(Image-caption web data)
===
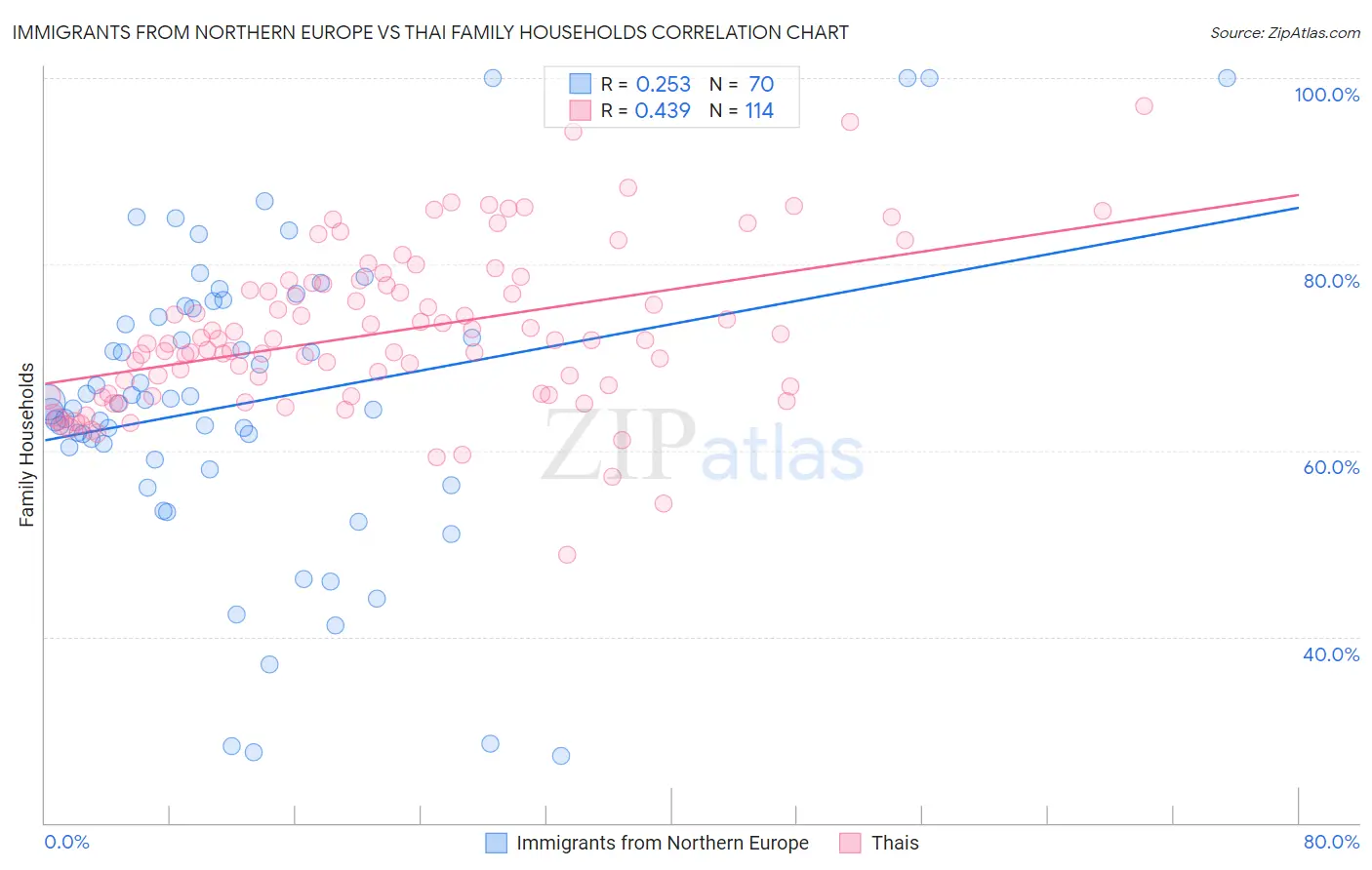 Immigrants from Northern Europe vs Thai Family Households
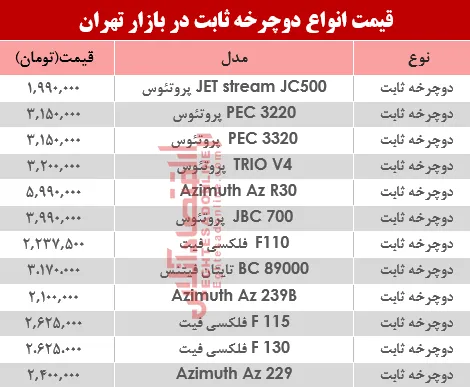 قیمت انواع دوچرخه ثابت در بازار؟ +جدول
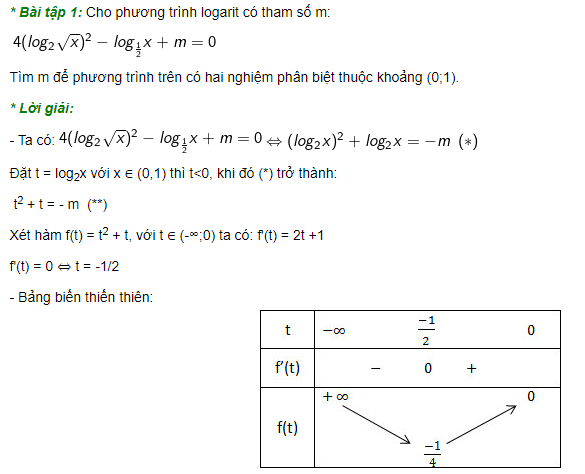 Ví dụ minh hoạ bài toán phương trình logarit chứa tham số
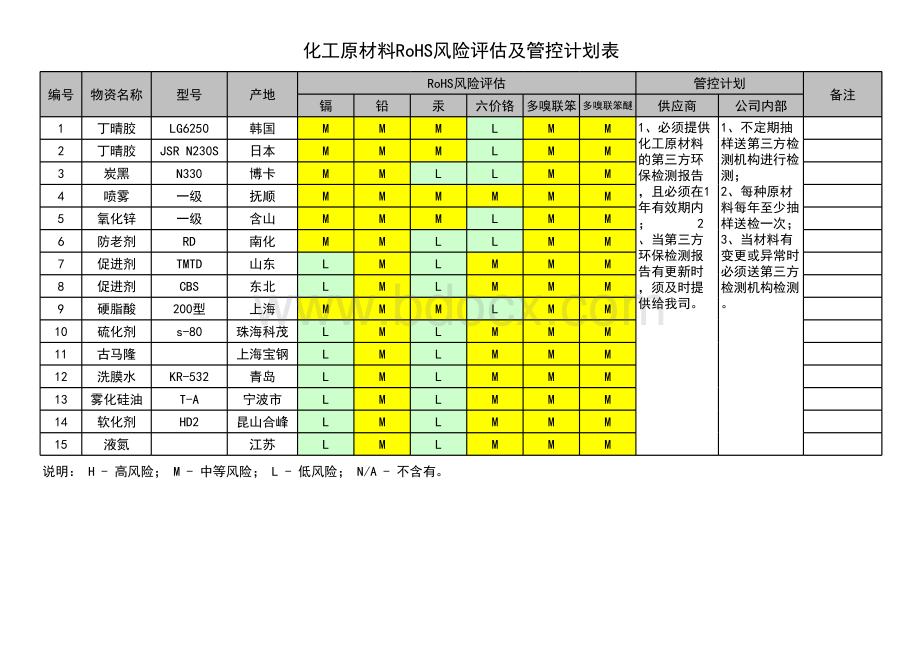 化工原材料RoHS风险评估表表格文件下载.xls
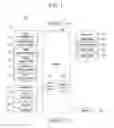 Fig. 02 - USER EQUIPMENT HAVING A GENERAL EDITING FUNCTION AND METHOD THEREOF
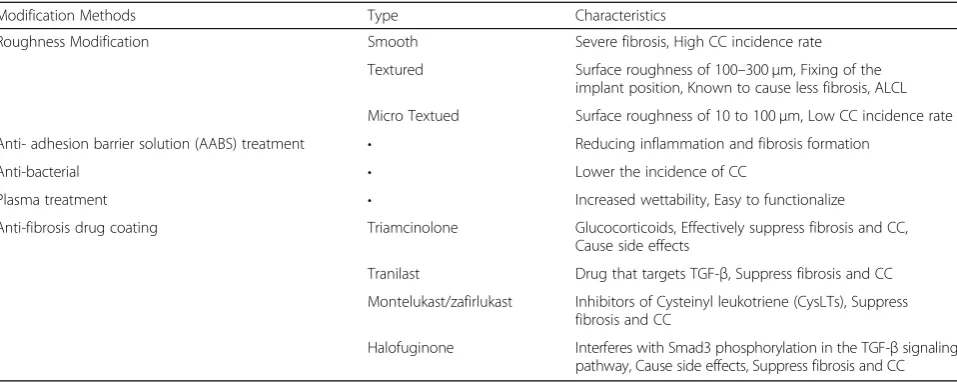 Table 1 Overview of the characteristics of PDMS breast implant surface modification methods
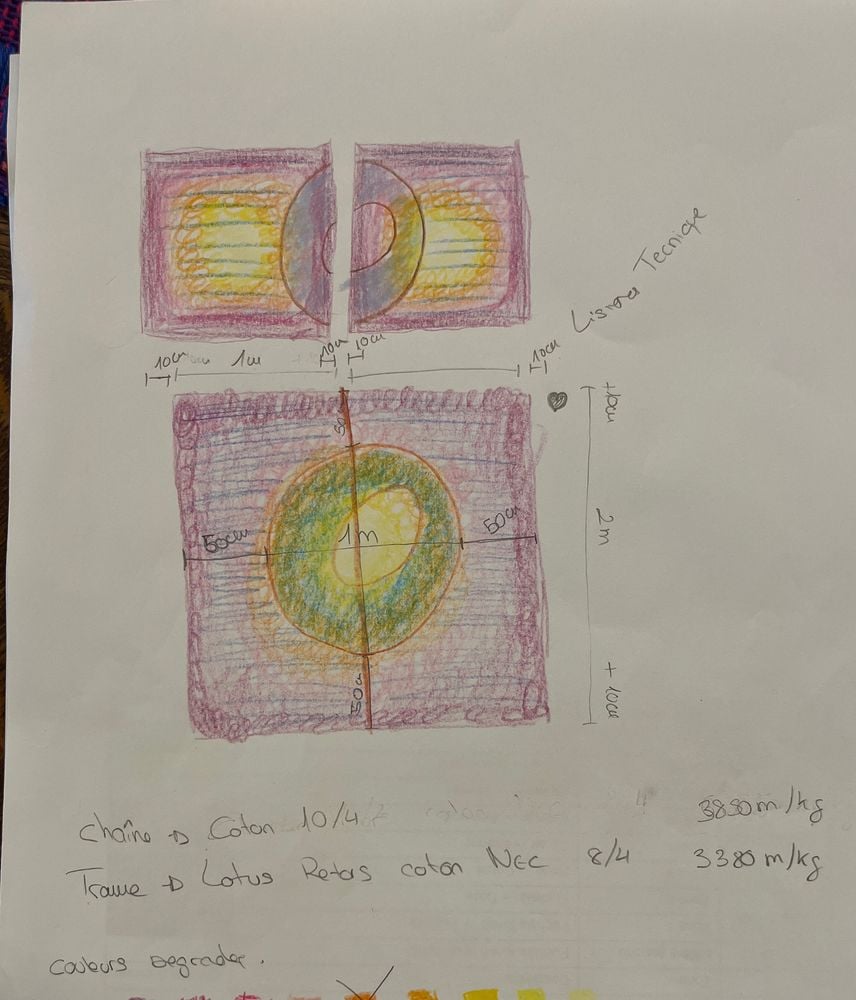 Croquis préparatoire aux crayons de couleur : noyau jaune-vert cerné d’orange sur champ rose, cotes en centimètres, nuancier de huit couleurs avec codes.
===
Without including a single picture, restate all of the data word for word.

 Immigrants from Northern Europe vs Thai Family Households
 قیمت انواع دوچرخه ثابت در بازار؟ +جدول
 Ví dụ minh hoạ bài toán phương trình logarit chứa tham số
 化工原材料RoHS风险评估表表格文件下载.xls
 Fig. 02 - USER EQUIPMENT HAVING A GENERAL EDITING FUNCTION AND METHOD THEREOF
 Table 1 Overview of the characteristics of PDMS breast implant surface modification methods
 Croquis préparatoire aux crayons de couleur : noyau jaune-vert cerné d’orange sur champ rose, cotes en centimètres, nuancier de huit couleurs avec codes.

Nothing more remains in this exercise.